Water Conservation Tips

In the Bathroom
  • Periodically check all faucets, pipes, and toilets for leaks. A dripping faucet can waste up to 15 gallons of water a day, or 105 gallons a week.
  • Install water saving showerheads. Low-flow showerheads are relatively inexpensive compared to older showerheads, and deliver 2.5 gallons of water less each minute.
  • Shorten showers or take a bath. Taking shorter showers will save gallons of water, and a partially filled bathtub uses less water than a shower.
  • Check your toilets for leakage. A leaky toilet can waste over 100 gallons each day. Once a year, remove the tank cover and add ten drops of dark food coloring to the water in the tank. After 15 minutes, check to see if the color has leaked into the bowl. If you see any color, your toilet has a leak and should be repaired.
  • Install a low-flow toilet. Ultra low-flow toilets use only 1.6 gallons of water per flush, and can cut indoor water use by 20%.
  • Don’t use the toilet as a wastebasket.
  • Dispose of facial tissues and other bits of trash in the wastebasket instead of flushing them. This will save gallons of water that are otherwise wasted in flushing and treating the trash.
  • Install low-flow faucet aerators. Older faucets use between three and seven gallons of water per minute. Aerators can be screwed into existing faucets, saving water.
  • Fix leaking faucets immediately. Small faucet leaks can waste 20 gallons of water a day, and larger leaks can waste hundreds of gallons.
  • Turn off the water while shaving, brushing teeth, etc. Conserving water in this way can save three to seven gallons per minute.
In the Kitchen
  • Fill your dishwasher. Dishwashers use the same amount of water, whether they are full or not. Make sure to fill it.
  • Minimize use of the garbage disposal. Use your garbage disposal only when necessary, since it requires water to operate. Scrape off dirty dishes into a trash can before washing them.

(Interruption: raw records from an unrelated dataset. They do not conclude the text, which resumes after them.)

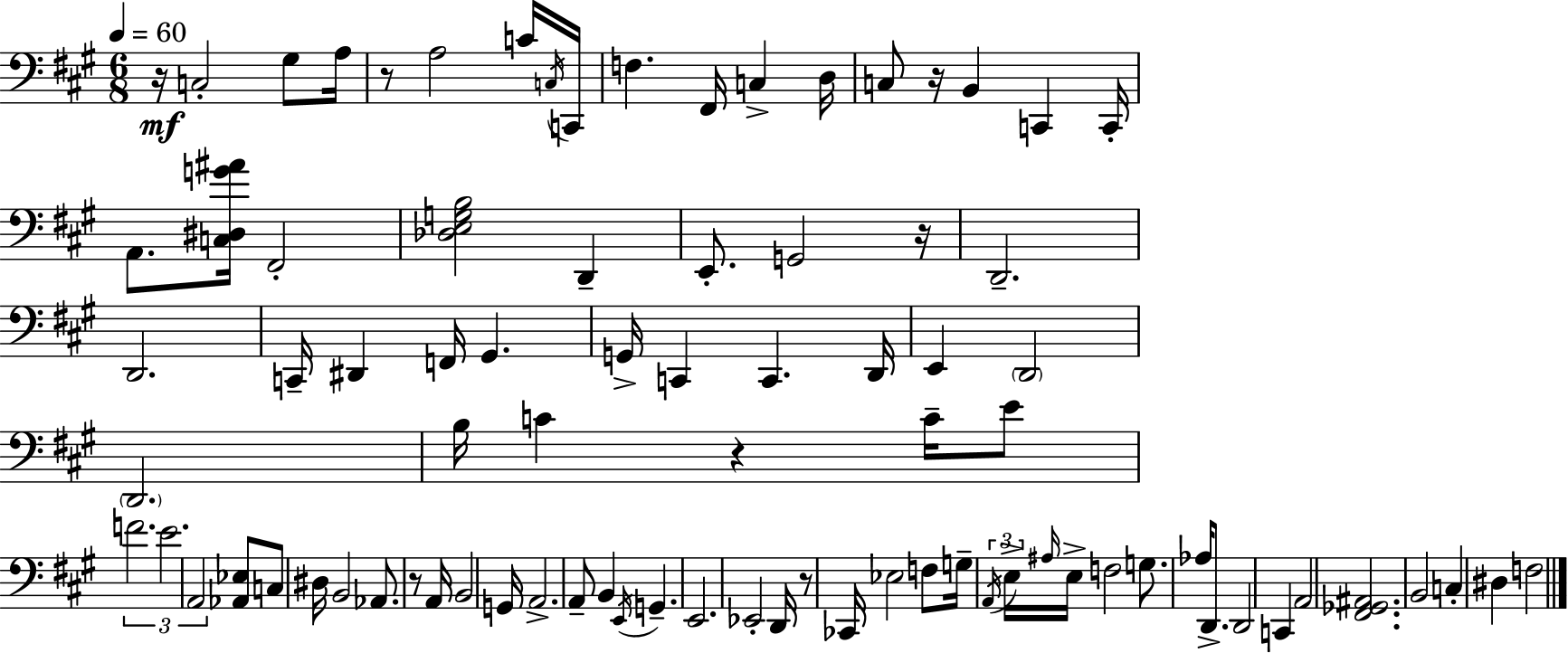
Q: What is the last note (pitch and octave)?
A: F3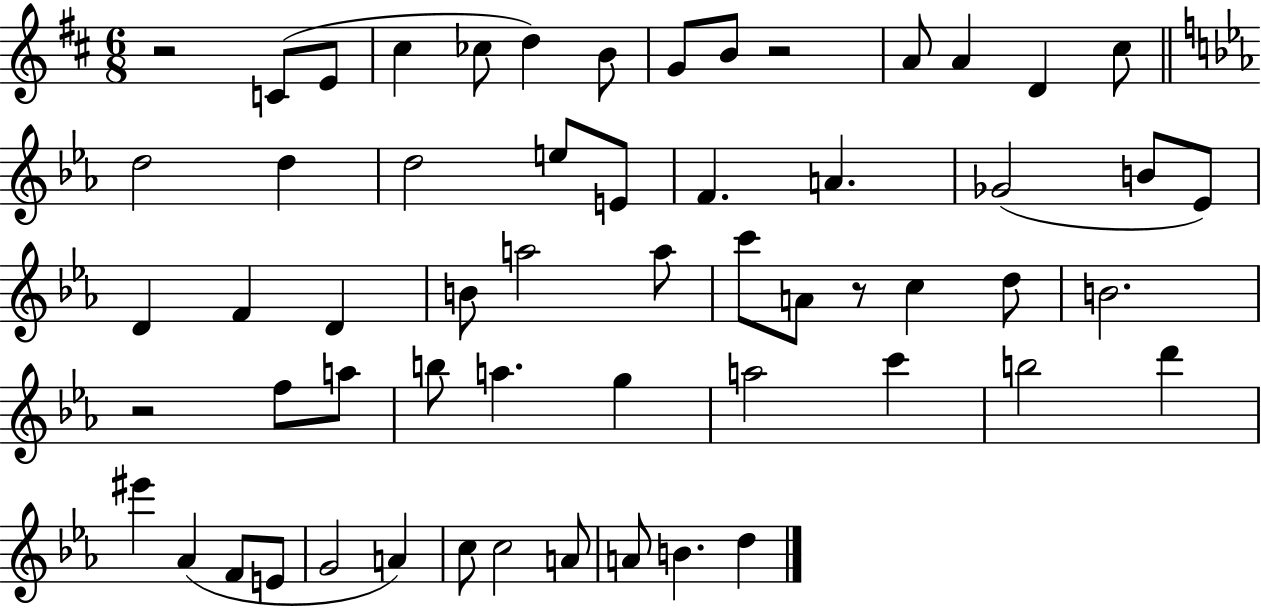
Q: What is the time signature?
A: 6/8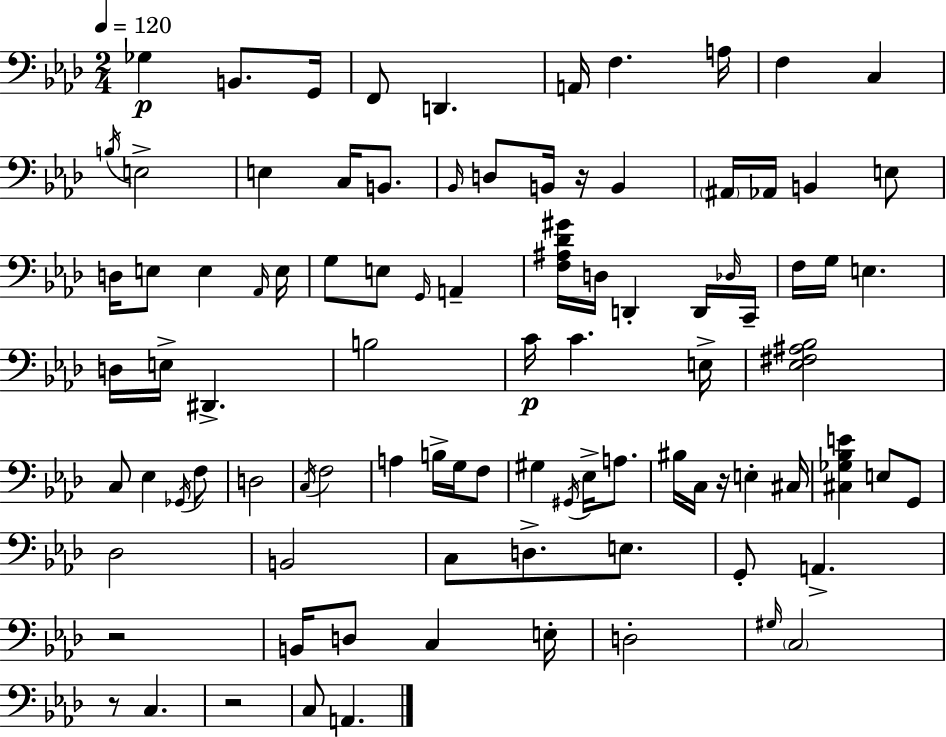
Gb3/q B2/e. G2/s F2/e D2/q. A2/s F3/q. A3/s F3/q C3/q B3/s E3/h E3/q C3/s B2/e. Bb2/s D3/e B2/s R/s B2/q A#2/s Ab2/s B2/q E3/e D3/s E3/e E3/q Ab2/s E3/s G3/e E3/e G2/s A2/q [F3,A#3,Db4,G#4]/s D3/s D2/q D2/s Db3/s C2/s F3/s G3/s E3/q. D3/s E3/s D#2/q. B3/h C4/s C4/q. E3/s [Eb3,F#3,A#3,Bb3]/h C3/e Eb3/q Gb2/s F3/e D3/h C3/s F3/h A3/q B3/s G3/s F3/e G#3/q G#2/s Eb3/s A3/e. BIS3/s C3/s R/s E3/q C#3/s [C#3,Gb3,Bb3,E4]/q E3/e G2/e Db3/h B2/h C3/e D3/e. E3/e. G2/e A2/q. R/h B2/s D3/e C3/q E3/s D3/h G#3/s C3/h R/e C3/q. R/h C3/e A2/q.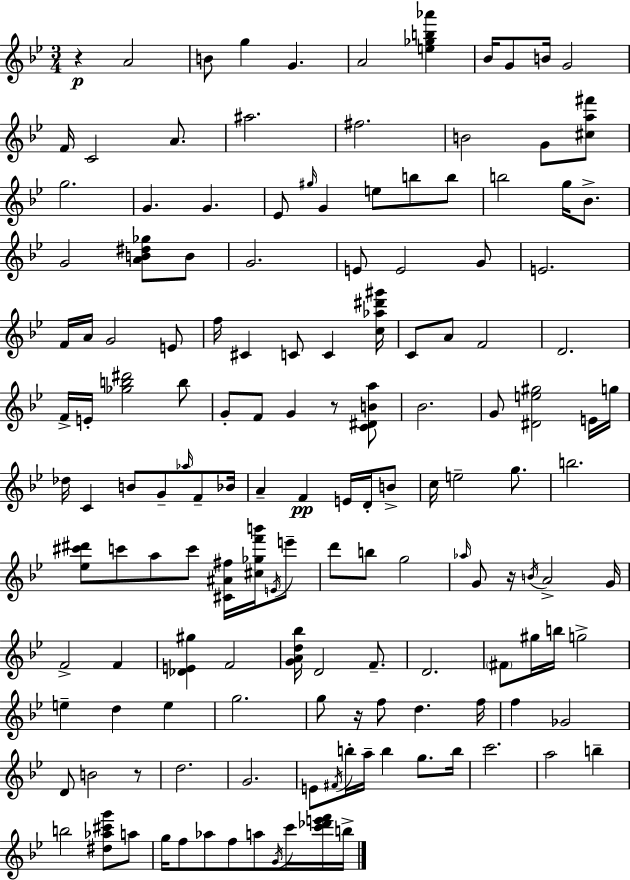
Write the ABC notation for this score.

X:1
T:Untitled
M:3/4
L:1/4
K:Gm
z A2 B/2 g G A2 [e_gb_a'] _B/4 G/2 B/4 G2 F/4 C2 A/2 ^a2 ^f2 B2 G/2 [^ca^f']/2 g2 G G _E/2 ^g/4 G e/2 b/2 b/2 b2 g/4 _B/2 G2 [AB^d_g]/2 B/2 G2 E/2 E2 G/2 E2 F/4 A/4 G2 E/2 f/4 ^C C/2 C [c_a^d'^g']/4 C/2 A/2 F2 D2 F/4 E/4 [_gb^d']2 b/2 G/2 F/2 G z/2 [C^DBa]/2 _B2 G/2 [^De^g]2 E/4 g/4 _d/4 C B/2 G/2 _a/4 F/2 _B/4 A F E/4 D/4 B/2 c/4 e2 g/2 b2 [_e^c'^d']/2 c'/2 a/2 c'/2 [^C^A^f]/4 [^c_gf'b']/4 E/4 e'/2 d'/2 b/2 g2 _a/4 G/2 z/4 B/4 A2 G/4 F2 F [_DE^g] F2 [GAd_b]/4 D2 F/2 D2 ^F/2 ^g/4 b/4 g2 e d e g2 g/2 z/4 f/2 d f/4 f _G2 D/2 B2 z/2 d2 G2 E/2 ^F/4 b/4 a/4 b g/2 b/4 c'2 a2 b b2 [^d_a^c'g']/2 a/2 g/4 f/2 _a/2 f/2 a/2 G/4 c'/4 [c'_d'e'f']/4 b/4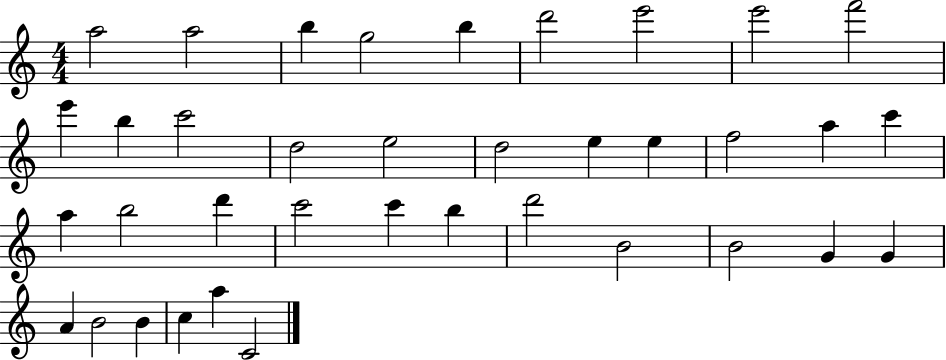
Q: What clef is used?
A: treble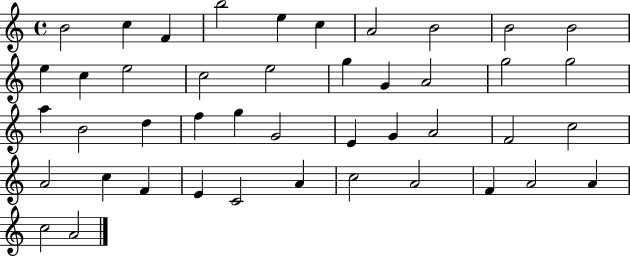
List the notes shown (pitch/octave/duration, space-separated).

B4/h C5/q F4/q B5/h E5/q C5/q A4/h B4/h B4/h B4/h E5/q C5/q E5/h C5/h E5/h G5/q G4/q A4/h G5/h G5/h A5/q B4/h D5/q F5/q G5/q G4/h E4/q G4/q A4/h F4/h C5/h A4/h C5/q F4/q E4/q C4/h A4/q C5/h A4/h F4/q A4/h A4/q C5/h A4/h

  • Defrost food in the refrigerator. Plan ahead and use the refrigerator or microwave instead of under running water.
In the Laundry Room
  • Select the appropriate water level for laundry.
  • Select the appropriate water level for each load of laundry. Or, purchase a front-loading washing machine, it uses 1/3 less water than a top-loading machine.
In the Yard and Garden
  • Install shut-off nozzles on garden hoses. Help control unnecessary dripping and leakage, check hose and connectors for leaks and repair or replace leaky parts.
  • Be smart about irrigating your lawn. Water your lawn or garden before 8 a.m. and after 7 p.m. Watering at cooler times of the day reduces the amount of water that evaporates in the air.
  • Deep soak your lawn. When watering, allow for water to soak to the roots. Frequent light watering encourages growth of shallow roots that are not drought resistant.
  • Keep your grass at a water-saving length. When mowing the grass, set the blade so that the grass is cut at two or three inches high. This enhances root development with minimal watering.
  • Mulch around plants and gardens. Applying mulch keeps moisture in the soil, reducing evaporation, saving water, and helping plants grow.
All Around the House
  • Reuse fish tank water. Use fish tank water on your household plants or garden. You can save water, and fertilize plants.
  • Reuse dehumidifier water. Use the water that collects in dehumidifiers to water household and garden plants.
  • Sweep debris. Don’t spray them. Use a broom to clean your driveway and sidewalks rather than a hose. Hosing off a driveway can waste hundreds of gallons of water.